Oscar recuerda especialmente una peña en Madrid, donde el público español cantaba con emoción “Zamba de mi esperanza” y hasta “Póngale por las hileras”. Para él, ese amor europeo por el folklore cuyano tiene raíces profundas en el legado de don Hilario Cuadros y Los Trovadores de Cuyo.

Su inspiración musical nació escuchando los viejos long play de Los Cantores del Quilla Huasi que sonaban constantemente en su casa familiar. Allí aprendió chamamé, tango, milongas y folklore. Aunque el folklore fue siempre su raíz más fuerte, Oscar nunca dejó de explorar otros géneros. Los boleros también ocupan un lugar especial en su corazón y en sus últimas producciones musicales.

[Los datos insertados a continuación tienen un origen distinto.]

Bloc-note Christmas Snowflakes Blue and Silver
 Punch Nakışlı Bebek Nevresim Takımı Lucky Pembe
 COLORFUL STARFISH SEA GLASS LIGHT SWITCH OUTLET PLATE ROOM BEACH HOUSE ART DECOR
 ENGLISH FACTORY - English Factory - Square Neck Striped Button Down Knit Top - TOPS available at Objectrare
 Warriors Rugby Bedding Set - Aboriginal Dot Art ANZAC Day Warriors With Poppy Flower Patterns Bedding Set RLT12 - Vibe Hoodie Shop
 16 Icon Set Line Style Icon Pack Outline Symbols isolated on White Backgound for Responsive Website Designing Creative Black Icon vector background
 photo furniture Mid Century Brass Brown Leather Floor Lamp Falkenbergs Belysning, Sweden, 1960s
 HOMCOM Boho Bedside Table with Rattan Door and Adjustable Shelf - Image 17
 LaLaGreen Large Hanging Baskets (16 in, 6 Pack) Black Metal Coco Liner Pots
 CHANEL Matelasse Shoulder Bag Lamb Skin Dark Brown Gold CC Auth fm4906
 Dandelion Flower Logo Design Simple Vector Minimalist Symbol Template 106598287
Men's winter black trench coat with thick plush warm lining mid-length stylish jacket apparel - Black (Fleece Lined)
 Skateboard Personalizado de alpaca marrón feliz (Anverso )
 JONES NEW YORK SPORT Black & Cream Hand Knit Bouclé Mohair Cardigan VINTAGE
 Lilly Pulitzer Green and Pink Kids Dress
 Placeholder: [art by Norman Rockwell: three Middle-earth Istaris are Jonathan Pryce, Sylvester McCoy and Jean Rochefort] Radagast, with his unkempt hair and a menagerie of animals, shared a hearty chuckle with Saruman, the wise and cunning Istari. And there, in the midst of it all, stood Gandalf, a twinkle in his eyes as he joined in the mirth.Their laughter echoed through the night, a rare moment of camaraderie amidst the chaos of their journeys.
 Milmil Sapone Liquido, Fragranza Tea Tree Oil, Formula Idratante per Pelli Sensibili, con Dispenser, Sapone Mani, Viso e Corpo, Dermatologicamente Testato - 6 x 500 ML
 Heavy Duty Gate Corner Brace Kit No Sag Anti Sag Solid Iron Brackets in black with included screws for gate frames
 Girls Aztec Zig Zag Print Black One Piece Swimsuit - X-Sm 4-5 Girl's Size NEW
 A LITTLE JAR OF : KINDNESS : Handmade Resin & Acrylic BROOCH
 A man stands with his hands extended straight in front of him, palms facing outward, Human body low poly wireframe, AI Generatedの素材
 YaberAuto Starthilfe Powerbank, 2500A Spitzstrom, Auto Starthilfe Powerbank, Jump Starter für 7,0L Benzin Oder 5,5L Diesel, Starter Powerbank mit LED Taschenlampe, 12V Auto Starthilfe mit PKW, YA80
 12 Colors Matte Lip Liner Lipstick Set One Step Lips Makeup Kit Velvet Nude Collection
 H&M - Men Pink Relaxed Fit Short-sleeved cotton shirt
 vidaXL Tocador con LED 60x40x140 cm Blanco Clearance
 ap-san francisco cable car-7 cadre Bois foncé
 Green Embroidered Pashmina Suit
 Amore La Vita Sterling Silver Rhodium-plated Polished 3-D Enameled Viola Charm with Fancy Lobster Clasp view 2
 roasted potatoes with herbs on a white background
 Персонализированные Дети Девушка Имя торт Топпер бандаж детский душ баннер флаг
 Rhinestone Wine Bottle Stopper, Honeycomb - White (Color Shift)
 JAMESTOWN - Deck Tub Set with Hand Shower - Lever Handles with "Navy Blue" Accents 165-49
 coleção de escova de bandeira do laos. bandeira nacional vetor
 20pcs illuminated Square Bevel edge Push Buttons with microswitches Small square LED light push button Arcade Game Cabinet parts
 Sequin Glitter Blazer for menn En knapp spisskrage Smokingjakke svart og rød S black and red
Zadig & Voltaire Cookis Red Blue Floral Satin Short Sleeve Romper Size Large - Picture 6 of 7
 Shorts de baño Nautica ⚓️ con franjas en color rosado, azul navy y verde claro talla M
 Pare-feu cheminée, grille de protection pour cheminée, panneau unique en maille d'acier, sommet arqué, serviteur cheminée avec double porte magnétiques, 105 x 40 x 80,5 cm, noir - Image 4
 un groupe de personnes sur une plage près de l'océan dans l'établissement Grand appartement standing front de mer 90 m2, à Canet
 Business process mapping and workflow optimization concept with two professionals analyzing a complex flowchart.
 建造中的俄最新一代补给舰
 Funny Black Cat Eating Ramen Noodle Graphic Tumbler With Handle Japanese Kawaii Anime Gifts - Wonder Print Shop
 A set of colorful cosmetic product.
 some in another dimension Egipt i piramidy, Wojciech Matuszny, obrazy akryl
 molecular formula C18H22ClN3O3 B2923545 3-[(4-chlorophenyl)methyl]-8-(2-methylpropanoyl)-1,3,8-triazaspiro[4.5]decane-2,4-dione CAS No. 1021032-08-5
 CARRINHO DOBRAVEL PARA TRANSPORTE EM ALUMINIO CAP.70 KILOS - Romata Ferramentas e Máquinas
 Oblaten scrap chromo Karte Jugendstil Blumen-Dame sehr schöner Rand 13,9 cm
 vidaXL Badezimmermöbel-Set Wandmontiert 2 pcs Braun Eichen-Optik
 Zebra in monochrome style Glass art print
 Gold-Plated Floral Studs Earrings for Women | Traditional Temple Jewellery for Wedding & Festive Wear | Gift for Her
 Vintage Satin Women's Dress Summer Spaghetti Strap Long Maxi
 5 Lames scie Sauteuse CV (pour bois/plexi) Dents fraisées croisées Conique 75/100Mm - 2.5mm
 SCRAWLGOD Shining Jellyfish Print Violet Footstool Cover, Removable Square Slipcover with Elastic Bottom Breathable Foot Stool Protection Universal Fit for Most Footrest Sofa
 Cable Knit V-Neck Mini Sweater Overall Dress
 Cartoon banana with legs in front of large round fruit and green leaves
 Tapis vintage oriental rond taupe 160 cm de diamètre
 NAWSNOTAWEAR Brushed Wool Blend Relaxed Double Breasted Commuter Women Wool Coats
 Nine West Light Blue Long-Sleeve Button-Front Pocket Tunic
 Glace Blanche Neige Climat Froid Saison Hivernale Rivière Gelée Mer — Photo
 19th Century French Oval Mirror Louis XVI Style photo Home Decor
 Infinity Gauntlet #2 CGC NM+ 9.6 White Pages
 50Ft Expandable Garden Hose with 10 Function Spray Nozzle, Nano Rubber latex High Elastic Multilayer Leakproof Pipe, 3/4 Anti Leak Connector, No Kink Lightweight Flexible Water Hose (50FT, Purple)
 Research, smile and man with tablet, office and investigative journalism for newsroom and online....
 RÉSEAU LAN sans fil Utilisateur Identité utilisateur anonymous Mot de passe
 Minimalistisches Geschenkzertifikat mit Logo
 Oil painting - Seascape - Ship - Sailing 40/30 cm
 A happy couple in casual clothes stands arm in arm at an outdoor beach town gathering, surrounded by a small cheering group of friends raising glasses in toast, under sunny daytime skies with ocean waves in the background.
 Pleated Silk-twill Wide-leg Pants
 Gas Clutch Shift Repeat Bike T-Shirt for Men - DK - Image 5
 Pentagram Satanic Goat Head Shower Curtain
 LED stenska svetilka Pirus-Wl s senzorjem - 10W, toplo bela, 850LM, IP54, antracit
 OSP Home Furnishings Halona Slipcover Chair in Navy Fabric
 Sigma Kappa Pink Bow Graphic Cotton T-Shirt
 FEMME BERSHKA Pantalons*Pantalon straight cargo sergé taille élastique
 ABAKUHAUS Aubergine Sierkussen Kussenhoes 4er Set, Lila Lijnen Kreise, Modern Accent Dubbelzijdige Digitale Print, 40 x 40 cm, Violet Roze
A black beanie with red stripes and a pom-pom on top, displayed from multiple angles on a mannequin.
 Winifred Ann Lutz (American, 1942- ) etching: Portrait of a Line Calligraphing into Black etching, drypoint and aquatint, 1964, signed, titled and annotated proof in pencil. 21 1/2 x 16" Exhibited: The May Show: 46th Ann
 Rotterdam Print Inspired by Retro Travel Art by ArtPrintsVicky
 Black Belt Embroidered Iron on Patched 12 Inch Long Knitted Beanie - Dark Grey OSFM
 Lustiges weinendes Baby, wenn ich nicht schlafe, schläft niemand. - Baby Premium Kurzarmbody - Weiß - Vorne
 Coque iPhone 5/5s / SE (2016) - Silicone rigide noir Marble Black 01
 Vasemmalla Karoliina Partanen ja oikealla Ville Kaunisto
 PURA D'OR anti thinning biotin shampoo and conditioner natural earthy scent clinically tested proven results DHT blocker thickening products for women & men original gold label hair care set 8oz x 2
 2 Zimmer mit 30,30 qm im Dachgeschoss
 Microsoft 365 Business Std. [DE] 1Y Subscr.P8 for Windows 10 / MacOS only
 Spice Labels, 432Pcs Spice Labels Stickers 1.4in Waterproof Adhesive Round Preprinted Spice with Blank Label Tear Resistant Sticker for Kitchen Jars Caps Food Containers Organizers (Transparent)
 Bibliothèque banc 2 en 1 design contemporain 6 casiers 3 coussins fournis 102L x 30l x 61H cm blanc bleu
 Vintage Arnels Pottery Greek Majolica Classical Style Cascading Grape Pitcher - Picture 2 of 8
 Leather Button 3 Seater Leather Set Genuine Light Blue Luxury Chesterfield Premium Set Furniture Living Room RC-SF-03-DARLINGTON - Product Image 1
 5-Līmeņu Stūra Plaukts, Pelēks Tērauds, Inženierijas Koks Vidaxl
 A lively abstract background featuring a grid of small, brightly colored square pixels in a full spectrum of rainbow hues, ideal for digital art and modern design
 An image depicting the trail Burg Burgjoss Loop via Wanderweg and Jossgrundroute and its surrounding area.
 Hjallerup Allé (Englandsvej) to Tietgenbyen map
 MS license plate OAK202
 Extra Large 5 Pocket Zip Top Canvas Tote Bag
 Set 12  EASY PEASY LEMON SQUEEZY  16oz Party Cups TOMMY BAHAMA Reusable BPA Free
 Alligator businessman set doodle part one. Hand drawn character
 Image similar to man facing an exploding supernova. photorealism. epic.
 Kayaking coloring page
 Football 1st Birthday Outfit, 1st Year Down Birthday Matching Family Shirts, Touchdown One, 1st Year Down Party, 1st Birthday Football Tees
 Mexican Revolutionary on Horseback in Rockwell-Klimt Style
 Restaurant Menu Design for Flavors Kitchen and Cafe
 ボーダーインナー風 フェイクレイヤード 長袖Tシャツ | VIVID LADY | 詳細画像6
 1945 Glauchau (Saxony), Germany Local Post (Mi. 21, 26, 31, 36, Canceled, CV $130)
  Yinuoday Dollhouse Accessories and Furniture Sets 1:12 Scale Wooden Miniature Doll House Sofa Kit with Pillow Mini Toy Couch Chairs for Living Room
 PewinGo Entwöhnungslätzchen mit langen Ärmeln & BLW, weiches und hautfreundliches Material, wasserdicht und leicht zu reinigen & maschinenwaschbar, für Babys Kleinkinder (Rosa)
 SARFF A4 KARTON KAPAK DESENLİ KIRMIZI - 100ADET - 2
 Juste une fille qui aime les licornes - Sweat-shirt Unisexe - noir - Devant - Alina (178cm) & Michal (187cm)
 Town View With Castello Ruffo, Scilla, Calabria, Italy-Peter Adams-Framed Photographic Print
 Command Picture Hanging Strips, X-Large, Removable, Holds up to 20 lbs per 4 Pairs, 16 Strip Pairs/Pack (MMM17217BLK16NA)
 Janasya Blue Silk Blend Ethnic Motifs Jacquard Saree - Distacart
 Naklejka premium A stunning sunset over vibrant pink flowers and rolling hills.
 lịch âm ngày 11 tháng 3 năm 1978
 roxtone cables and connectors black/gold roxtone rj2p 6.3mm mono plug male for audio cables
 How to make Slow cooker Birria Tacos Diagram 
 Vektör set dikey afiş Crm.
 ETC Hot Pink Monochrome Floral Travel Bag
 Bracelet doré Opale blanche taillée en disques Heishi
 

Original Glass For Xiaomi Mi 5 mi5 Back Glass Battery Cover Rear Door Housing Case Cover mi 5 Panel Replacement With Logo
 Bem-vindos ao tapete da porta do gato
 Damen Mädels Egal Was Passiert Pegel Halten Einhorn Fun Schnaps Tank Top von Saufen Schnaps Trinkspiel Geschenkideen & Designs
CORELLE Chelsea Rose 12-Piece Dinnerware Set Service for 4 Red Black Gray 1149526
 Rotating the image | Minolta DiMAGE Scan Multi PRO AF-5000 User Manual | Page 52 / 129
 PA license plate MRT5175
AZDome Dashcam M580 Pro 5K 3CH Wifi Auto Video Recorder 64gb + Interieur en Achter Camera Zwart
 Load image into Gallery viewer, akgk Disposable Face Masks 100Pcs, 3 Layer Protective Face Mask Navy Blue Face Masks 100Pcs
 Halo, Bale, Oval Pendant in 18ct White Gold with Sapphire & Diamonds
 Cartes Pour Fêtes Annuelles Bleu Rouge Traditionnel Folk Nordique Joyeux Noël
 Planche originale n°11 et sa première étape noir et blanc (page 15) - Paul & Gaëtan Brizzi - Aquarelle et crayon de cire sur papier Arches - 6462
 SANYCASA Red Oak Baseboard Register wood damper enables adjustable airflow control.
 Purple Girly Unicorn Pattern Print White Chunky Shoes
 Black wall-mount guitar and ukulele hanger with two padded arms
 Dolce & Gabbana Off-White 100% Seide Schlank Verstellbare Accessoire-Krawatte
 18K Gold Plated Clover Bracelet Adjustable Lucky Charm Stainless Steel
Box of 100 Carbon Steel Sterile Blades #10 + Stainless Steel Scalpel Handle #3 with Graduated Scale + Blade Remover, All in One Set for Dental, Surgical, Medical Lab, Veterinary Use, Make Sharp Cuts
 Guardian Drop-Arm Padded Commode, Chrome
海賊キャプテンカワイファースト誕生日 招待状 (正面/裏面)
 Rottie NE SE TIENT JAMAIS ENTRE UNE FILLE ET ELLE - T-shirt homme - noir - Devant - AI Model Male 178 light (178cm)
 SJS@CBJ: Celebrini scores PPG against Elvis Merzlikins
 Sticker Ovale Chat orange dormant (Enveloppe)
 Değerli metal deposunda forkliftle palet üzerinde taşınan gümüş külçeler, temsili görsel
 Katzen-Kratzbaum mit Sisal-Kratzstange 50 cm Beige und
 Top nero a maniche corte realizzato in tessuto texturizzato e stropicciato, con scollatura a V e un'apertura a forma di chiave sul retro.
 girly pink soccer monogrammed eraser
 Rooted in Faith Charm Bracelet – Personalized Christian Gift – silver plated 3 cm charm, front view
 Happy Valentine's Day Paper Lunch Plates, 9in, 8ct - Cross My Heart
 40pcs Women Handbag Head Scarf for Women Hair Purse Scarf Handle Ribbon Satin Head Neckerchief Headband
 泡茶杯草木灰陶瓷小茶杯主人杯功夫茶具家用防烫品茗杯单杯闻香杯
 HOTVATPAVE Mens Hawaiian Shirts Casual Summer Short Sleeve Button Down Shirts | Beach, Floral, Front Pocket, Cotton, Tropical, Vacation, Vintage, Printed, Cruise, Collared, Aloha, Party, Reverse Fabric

Actualmente continúa activo, compartiendo su música a través de YouTube, donde tiene más de 100 canciones publicadas y una enorme comunidad de seguidores y amigos que reconocen su trayectoria.

Más allá de los escenarios y los premios, Oscar se emociona al hablar de su familia: sus tres hijos, Nicolás, Walter y Georgina Gabriela, y sus seis nietos, quienes heredaron también el amor por la música.

Con humor suele decir: “Aprendí música para no trabajar”, aunque rápidamente reconoce el enorme sacrificio que implica vivir del arte. Por eso, durante muchos años complementó la música con otros trabajos, entre ellos como cortador de carne, oficio heredado de su padre y su abuelo en el histórico Mercado Domínguez.

Pero si hay un lugar que permanece intacto en su memoria y en su corazón, ese es Montecaseros. Allí vivió en Tres Esquinas, cursó la primaria en la Escuela Patria y construyó amistades que conserva hasta hoy.

“Montecaseros es lo más bello, siempre quiero volver”, expresa con emoción.

Junto a su amigo Alfredo compuso el vals “Regreso”, dedicado a Montecaseros, una canción que los vecinos consideran prácticamente un himno y patrimonio cultural de la zona.

La historia de Oscar Domínguez es la de un hombre que nació rodeado de música y convirtió ese amor en una vida entera de escenarios, guitarras y canciones. Un artista que nunca olvidó sus raíces y que sigue llevando el alma cuyana a cada rincón donde suenan sus acordes.